The Edgartown School is located on Martha's Vineyard, Massachusetts. As of 2024 enrollment for the elementary school (pre-kindergarten through grade 8) was at 386. The school mascot is the Eagle.

== Curriculum ==
This school has a well-developed enrichment program which includes NAL, The math program "EPGY", Edgartown readers, KMO, etc. and mock trial.

== Sports programs ==
In February 2006 the boys' varsity basketball team won the island championship. In 2008 the girls' softball team won the island championship.

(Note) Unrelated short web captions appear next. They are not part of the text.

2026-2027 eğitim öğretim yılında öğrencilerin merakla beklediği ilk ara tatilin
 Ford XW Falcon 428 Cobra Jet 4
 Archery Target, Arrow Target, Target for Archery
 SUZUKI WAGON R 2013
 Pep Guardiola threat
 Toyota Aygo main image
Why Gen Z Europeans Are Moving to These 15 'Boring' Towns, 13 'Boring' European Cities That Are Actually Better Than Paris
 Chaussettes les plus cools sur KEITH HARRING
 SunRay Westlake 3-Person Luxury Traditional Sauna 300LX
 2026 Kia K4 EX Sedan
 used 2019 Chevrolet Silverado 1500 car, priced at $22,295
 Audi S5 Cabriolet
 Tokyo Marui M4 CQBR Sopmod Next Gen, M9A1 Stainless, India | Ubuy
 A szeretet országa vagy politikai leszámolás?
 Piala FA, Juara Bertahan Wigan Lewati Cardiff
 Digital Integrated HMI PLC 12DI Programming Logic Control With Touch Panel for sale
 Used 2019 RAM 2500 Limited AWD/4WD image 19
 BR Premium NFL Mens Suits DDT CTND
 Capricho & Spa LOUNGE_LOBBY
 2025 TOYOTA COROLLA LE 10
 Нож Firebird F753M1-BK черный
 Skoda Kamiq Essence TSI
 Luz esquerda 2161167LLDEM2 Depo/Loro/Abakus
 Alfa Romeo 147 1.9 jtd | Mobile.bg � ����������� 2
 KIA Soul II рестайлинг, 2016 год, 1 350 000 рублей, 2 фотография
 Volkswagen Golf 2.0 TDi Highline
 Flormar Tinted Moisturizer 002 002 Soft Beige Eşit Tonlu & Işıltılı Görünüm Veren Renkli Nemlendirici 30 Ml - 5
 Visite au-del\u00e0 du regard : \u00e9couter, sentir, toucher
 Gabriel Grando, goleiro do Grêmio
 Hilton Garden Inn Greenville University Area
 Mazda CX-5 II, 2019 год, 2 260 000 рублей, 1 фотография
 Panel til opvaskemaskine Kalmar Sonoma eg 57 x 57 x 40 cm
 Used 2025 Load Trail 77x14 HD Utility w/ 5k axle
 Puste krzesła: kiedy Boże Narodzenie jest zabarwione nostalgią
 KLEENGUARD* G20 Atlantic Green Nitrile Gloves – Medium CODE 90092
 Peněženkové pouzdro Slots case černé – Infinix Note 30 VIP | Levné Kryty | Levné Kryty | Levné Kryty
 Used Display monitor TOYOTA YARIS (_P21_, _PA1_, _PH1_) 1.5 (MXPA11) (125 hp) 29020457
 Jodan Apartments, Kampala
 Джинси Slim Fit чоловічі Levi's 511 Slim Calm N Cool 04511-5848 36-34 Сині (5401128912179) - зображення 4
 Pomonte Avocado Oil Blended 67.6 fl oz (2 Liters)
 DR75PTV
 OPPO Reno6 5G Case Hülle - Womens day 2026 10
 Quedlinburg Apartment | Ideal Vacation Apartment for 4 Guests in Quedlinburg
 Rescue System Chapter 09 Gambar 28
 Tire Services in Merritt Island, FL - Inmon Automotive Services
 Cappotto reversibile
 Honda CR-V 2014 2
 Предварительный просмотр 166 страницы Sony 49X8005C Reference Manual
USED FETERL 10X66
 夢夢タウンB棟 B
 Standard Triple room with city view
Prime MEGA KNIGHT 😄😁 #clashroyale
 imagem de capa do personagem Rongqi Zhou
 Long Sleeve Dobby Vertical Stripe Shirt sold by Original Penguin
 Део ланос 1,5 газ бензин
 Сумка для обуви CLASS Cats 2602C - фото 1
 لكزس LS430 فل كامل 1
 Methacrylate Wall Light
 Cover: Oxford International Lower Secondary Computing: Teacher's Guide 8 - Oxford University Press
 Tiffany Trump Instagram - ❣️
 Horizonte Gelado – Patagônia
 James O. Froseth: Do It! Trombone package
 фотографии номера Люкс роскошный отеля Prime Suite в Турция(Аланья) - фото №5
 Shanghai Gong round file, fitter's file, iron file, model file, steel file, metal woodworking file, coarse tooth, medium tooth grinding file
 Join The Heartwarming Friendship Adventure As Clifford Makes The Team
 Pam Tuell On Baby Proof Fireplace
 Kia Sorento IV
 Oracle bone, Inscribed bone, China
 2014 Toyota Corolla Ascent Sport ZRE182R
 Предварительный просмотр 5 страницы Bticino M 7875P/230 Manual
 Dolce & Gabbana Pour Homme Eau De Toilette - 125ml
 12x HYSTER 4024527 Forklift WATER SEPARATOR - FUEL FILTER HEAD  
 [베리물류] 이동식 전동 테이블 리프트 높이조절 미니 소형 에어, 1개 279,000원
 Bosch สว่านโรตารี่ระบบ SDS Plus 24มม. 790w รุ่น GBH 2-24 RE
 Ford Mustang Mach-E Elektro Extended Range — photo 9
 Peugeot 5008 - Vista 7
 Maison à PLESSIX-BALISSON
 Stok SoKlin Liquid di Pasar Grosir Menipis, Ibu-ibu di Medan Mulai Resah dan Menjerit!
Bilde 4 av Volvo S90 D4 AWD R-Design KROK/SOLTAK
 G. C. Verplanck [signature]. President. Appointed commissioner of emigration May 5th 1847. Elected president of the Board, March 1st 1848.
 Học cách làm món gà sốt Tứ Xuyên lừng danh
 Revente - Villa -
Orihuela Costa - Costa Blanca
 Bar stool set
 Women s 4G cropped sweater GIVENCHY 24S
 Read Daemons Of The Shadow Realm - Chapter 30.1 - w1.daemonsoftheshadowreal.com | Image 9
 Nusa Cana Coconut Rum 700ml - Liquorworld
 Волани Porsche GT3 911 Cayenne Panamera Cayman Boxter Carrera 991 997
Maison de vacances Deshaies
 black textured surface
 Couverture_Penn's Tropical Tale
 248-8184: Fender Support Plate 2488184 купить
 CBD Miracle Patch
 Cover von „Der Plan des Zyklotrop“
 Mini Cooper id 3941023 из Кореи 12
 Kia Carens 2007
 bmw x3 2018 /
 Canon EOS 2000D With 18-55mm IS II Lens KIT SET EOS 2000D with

In 2003, Edgartown School moved into a new building, replacing the old red brick one of 50 years. The two school buildings are connected by the gym. The basketball team of 2008 came in second place. The volleyball team came in first place in 2008. In 2012, the lady's basketball team claimed first place. Also, in 2013 both the girls' and the boys' basketball teams won first place in the tough championships.
2013:
Edgartown Boys vs Charter Boys.
In 2014 the boys' basketball team came up just short in a final against Tisbury by a score of 47-33.

== Leadership and staff ==
As of 2001, the school principal was Ed Jerome. Edgartown School alumnus John Stevens was principal at the school for 12 years, retiring in 2019 and returning as interim principal in 2024. In 2025, Kate Campbell accepted the post of principal.